Many data sources in the IoT and smart city domain may contain sensitive information that raises issues on privacy and data protection, such as cyber-attacks to city cameras and sensors, citizens mobile apps, companies’ servers, among others. M-Sec has concluded with 4 main results to ensure that security and integrity of data traffic in hyper-connected smart cities are provided in a secure and transparent way, through the development of several protection layers, while, at the same time, addressing specific needs of smart cities
What was M-Sec trying to solve?
In modern smart city applications, there is an emerging need for end-to-end security since many data sources may contain sensitive information that raises issues on privacy and data protection. These security and privacy issues should be addressed in all layers to ensure “end-to-end security and privacy”. For instance, many smart city applications are utilizing data streams such as images from cameras or mobile apps, and these streams should be protected from attackers in all layers by, for example, adding a protection mechanism in the sensors’ devices, secure an IoT gateway connecting the devices and the cloud, provide data encryption and access control in the cloud, and ensure secure apps utilizing the data stream.

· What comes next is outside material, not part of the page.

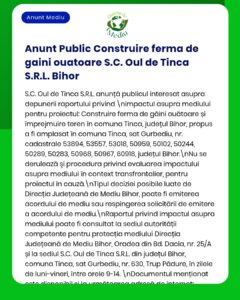 Anunț despre construirea unei ferme de prepelițe de S.C. Oul de Tinca S.R.L. în Tinca, Bihor, cu detalii despre procedură.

It is in this context that the M-Sec framework was developed, with the main goal of developing a technology capable of ensuring safety and privacy of the data exchanged in highly connected smart cities, through the development of several protection layers: at the device level and apps used, in storing that information in the cloud, and at the development and creation of other smart devices and apps, that follow the same data safety and privacy criteria.
The M-Sec Project
Called M-Sec, this 3-year project researched and developed a set of components that provide security and integrity of data traffic, end-to-end, from the device to the cloud and to the application in a secure and transparent way, with a modular approach for the IoT and smart city domain. M-Sec European Coordinator Vanessa Clemente Nunez said: “Thanks to EU&JP collaboration, the M-Sec Project has counted with a strong partnership of leading European and Japanese universities and research centres, as well as companies in the areas of BigData, IoT, Cloud Computing, Blockchains, that have an extensive experience in smart city related projects and that have made possible to research and develop a framework that provides end-to-end security in the smart city IoT ecosystem”.

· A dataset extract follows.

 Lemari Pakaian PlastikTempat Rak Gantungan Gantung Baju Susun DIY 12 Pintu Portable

At the device level, M-Sec not only provided a secure element embedded in the hardware that allowed storing all confidential information using cryptographic keys, performing sensitive operations in a more secure way, and verifying the integrity of the system, but also provided a tool vulnerability detection, which allowed analysing and identifying abnormal patters, automatically reporting to the security centre, and blocking the entry of malicious traffic into the network.
Data collection and transfer was carried out in an interoperable and scalable way thanks to the use of protocols through which data could be received from different sensors and from different manufacturers, including an access control mechanism that allows only authorized persons to read raw data or interact with IoT devices.
Regarding the data storage part, the consortium used blockchain technology. Blockchain is a chain of blocks (decentralized database) where all data is linked, encrypted, and distributed, allowing transactions to be carried out safely without the need for intermediaries. All information registered in the blockchain cannot be erased or modified. Thanks to its immutability feature, it was possible to transform the audit process into a fast and efficient procedure. Suppose we want to add a layer of security to the traditional encrypted data storage system that takes place off chain (outside the blockchain). In this scenario, M-Sec allowed generating a hash that is simply an alphanumeric code generated from a text string and automatically saving it as an on-chain transaction (in the blockchain itself), allowing to verify at any time if the data has been modified, since any attempt to manipulate the data would change the resulting hash.
In addition to the blockchain, artificial intelligence was also present in M-Sec. One of the current problems in the context of smart cities comes from the amount of personal data captured in images or videos of cameras deployed in the city. As a result, most data are only saved or shared internally, or even discarded to reduce risk of leakage. M-Sec provided a tool that allowed to automatically eliminate all personal information contained in videos or images, using an object detection network and a network that eliminated naturally detected objects as if they did not originally exist.
Finally, M-Sec provided tools for the design and development of applications that support developers and manufacturers of new devices and applications to fulfil citizens data safety and privacy measures. Moreover, M-Sec Japanese Coordinator Keiko Doguchi said: “Extensive study regarding GDPR and APPI based on the adequacy agreement of January 23rd, 2019, has been made. Common interfaces have been developed to be compliant with both regulations. The consortium made available all information which could be beneficial to EU or JP companies, wishing to develop business or implement innovative ideas in Europe, Japan or in a cross-border way”.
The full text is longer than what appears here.